DATA FOR REVIEW:

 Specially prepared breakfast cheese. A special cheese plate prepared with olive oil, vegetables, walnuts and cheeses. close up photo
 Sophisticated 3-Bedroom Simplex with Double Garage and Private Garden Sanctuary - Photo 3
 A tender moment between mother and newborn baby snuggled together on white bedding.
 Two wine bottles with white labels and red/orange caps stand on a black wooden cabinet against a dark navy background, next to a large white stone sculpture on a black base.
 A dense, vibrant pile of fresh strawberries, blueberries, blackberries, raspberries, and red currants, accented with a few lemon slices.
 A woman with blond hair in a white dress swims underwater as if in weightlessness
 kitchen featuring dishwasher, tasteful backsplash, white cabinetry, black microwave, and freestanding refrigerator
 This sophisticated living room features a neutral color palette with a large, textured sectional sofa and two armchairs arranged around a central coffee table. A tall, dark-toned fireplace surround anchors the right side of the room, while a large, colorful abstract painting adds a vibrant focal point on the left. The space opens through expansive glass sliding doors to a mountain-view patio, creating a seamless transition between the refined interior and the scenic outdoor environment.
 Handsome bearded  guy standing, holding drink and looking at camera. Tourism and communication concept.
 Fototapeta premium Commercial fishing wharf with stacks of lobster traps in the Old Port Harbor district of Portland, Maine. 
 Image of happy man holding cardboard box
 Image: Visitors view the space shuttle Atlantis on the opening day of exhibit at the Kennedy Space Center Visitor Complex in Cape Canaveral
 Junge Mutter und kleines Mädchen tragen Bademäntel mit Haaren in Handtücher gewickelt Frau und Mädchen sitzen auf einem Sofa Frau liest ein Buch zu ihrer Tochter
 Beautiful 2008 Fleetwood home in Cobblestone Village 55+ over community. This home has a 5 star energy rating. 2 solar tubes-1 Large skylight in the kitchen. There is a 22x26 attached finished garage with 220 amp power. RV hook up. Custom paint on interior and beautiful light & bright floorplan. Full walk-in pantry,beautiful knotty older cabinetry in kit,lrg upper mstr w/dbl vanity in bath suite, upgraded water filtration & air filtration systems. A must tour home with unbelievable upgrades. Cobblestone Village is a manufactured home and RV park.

ACTION ITEM: Each record above should be retyped in full, exactly as shown.

REPLY:
 Specially prepared breakfast cheese. A special cheese plate prepared with olive oil, vegetables, walnuts and cheeses. close up photo
 Sophisticated 3-Bedroom Simplex with Double Garage and Private Garden Sanctuary - Photo 3
 A tender moment between mother and newborn baby snuggled together on white bedding.
 Two wine bottles with white labels and red/orange caps stand on a black wooden cabinet against a dark navy background, next to a large white stone sculpture on a black base.
 A dense, vibrant pile of fresh strawberries, blueberries, blackberries, raspberries, and red currants, accented with a few lemon slices.
 A woman with blond hair in a white dress swims underwater as if in weightlessness
 kitchen featuring dishwasher, tasteful backsplash, white cabinetry, black microwave, and freestanding refrigerator
 This sophisticated living room features a neutral color palette with a large, textured sectional sofa and two armchairs arranged around a central coffee table. A tall, dark-toned fireplace surround anchors the right side of the room, while a large, colorful abstract painting adds a vibrant focal point on the left. The space opens through expansive glass sliding doors to a mountain-view patio, creating a seamless transition between the refined interior and the scenic outdoor environment.
 Handsome bearded  guy standing, holding drink and looking at camera. Tourism and communication concept.
 Fototapeta premium Commercial fishing wharf with stacks of lobster traps in the Old Port Harbor district of Portland, Maine. 
 Image of happy man holding cardboard box
 Image: Visitors view the space shuttle Atlantis on the opening day of exhibit at the Kennedy Space Center Visitor Complex in Cape Canaveral
 Junge Mutter und kleines Mädchen tragen Bademäntel mit Haaren in Handtücher gewickelt Frau und Mädchen sitzen auf einem Sofa Frau liest ein Buch zu ihrer Tochter
 Beautiful 2008 Fleetwood home in Cobblestone Village 55+ over community. This home has a 5 star energy rating. 2 solar tubes-1 Large skylight in the kitchen. There is a 22x26 attached finished garage with 220 amp power. RV hook up. Custom paint on interior and beautiful light & bright floorplan. Full walk-in pantry,beautiful knotty older cabinetry in kit,lrg upper mstr w/dbl vanity in bath suite, upgraded water filtration & air filtration systems. A must tour home with unbelievable upgrades. Cobblestone Village is a manufactured home and RV park.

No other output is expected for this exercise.